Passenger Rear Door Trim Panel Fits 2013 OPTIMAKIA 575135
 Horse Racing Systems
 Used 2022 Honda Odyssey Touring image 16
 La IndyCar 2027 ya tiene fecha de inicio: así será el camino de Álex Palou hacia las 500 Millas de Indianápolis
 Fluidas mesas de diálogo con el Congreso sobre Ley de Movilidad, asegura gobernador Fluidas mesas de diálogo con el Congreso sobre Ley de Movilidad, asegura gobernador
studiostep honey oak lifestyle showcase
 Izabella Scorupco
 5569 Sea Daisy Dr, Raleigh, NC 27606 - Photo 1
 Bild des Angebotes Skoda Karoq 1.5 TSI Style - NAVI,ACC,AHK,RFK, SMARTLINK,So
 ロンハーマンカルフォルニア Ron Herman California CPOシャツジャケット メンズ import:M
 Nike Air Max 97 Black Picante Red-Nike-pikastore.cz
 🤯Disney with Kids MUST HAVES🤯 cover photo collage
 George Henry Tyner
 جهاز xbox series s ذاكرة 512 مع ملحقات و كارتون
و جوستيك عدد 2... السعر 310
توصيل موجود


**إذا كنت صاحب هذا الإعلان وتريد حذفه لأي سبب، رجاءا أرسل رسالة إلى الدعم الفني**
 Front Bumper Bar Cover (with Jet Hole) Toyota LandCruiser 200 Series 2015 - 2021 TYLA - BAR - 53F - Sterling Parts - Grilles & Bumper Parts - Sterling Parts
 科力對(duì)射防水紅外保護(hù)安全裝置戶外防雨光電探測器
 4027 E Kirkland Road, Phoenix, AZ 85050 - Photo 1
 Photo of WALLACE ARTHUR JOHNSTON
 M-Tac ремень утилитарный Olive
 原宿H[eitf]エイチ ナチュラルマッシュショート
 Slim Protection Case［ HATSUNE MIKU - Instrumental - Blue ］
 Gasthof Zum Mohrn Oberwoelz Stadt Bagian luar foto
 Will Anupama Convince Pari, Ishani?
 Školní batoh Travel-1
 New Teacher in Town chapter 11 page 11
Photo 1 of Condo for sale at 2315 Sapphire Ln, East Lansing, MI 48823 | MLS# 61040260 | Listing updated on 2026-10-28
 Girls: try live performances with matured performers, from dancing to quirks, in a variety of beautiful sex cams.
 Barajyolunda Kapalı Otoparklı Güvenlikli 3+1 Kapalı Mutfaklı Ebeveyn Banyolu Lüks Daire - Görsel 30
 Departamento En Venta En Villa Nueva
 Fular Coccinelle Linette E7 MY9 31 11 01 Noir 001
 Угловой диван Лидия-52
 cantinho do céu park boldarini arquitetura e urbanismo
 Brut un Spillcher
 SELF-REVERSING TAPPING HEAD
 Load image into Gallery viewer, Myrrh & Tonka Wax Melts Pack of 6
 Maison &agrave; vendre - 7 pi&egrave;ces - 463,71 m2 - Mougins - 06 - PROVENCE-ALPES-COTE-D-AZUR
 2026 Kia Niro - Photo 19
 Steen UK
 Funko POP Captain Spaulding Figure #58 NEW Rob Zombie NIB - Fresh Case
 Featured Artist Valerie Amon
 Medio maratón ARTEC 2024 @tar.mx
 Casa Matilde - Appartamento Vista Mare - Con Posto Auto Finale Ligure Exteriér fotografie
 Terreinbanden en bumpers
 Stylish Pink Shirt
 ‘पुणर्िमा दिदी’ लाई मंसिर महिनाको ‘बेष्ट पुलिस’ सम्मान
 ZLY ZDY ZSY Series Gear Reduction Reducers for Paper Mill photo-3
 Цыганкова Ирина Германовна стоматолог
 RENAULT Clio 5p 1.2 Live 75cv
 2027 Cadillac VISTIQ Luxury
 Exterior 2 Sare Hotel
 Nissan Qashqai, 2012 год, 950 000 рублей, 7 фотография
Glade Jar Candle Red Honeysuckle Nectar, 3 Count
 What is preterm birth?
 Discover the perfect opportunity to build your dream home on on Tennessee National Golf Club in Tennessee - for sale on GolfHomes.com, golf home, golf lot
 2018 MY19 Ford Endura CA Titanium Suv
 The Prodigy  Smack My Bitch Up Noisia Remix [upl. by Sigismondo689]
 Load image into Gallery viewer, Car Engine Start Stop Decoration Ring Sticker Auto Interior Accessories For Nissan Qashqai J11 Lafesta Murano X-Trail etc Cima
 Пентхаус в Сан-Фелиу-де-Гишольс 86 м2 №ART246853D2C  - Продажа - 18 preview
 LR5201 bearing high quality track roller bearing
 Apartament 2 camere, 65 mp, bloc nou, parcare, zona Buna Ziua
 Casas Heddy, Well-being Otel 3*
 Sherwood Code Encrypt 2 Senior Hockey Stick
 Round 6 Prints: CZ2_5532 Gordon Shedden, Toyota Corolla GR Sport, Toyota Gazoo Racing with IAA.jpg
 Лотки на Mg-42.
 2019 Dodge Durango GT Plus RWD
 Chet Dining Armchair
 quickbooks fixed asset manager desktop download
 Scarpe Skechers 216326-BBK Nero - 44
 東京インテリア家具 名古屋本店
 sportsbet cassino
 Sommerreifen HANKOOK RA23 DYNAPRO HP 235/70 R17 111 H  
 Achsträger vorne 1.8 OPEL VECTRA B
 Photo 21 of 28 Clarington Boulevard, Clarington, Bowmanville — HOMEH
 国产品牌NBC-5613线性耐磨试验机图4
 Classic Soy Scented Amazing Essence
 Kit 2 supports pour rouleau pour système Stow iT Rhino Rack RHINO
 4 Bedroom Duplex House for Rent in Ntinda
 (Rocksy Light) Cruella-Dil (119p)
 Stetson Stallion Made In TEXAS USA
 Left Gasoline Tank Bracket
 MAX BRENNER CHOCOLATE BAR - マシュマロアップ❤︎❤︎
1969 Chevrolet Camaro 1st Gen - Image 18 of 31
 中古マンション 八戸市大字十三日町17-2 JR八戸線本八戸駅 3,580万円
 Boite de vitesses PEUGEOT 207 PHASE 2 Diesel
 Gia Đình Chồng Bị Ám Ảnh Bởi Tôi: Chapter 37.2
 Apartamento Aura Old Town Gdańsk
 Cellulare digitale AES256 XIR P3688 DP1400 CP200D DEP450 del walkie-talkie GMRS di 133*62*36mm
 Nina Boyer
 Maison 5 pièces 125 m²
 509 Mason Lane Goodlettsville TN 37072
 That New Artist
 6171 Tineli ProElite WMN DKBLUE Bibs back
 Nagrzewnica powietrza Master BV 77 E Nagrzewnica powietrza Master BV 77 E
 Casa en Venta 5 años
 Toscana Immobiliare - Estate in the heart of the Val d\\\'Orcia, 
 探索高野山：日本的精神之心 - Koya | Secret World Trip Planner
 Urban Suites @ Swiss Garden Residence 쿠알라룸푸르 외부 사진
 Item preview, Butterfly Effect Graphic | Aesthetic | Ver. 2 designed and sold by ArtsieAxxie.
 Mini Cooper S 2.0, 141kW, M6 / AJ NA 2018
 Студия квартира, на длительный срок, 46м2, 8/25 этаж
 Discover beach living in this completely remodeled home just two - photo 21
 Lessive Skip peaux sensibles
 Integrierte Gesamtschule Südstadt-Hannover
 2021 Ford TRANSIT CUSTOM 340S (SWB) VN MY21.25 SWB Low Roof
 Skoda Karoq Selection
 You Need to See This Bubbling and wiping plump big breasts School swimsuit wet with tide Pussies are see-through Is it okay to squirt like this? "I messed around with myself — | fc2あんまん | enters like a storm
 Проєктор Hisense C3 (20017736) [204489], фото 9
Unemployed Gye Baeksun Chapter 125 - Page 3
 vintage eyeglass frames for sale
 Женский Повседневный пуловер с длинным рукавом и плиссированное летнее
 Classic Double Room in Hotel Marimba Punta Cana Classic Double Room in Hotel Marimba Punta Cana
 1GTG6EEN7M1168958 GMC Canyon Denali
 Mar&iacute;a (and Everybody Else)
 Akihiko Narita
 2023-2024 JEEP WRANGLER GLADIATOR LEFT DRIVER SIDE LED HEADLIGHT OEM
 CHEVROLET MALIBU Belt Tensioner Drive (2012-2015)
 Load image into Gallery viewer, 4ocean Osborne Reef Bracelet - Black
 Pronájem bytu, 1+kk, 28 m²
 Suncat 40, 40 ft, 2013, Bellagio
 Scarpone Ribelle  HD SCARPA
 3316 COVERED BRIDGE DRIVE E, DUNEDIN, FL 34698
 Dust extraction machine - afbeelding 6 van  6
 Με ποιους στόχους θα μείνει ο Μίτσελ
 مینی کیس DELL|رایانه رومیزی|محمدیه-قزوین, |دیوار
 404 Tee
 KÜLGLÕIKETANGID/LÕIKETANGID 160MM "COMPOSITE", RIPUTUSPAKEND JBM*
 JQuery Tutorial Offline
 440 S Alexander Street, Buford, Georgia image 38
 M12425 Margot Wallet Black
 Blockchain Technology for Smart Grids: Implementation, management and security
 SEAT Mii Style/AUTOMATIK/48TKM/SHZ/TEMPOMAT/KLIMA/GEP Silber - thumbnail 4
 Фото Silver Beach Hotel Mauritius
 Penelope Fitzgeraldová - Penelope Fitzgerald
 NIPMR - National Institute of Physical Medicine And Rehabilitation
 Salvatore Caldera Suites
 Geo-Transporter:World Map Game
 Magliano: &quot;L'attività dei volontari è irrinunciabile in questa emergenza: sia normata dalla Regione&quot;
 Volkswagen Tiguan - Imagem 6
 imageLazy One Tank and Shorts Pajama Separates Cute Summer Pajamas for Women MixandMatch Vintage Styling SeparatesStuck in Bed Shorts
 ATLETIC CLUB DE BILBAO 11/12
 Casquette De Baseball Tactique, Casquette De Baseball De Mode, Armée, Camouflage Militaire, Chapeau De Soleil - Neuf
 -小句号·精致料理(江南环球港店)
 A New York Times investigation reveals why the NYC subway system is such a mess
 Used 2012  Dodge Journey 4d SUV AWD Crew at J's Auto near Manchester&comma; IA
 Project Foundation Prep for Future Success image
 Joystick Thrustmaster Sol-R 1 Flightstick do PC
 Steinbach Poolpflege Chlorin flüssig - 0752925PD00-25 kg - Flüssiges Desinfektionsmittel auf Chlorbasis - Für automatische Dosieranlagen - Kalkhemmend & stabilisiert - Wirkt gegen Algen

WORK TO COMPLETE |
Which lines above hold the string "Maison"? Show each of them.

TASK ANSWER |
 Maison &agrave; vendre - 7 pi&egrave;ces - 463,71 m2 - Mougins - 06 - PROVENCE-ALPES-COTE-D-AZUR
 Maison 5 pièces 125 m²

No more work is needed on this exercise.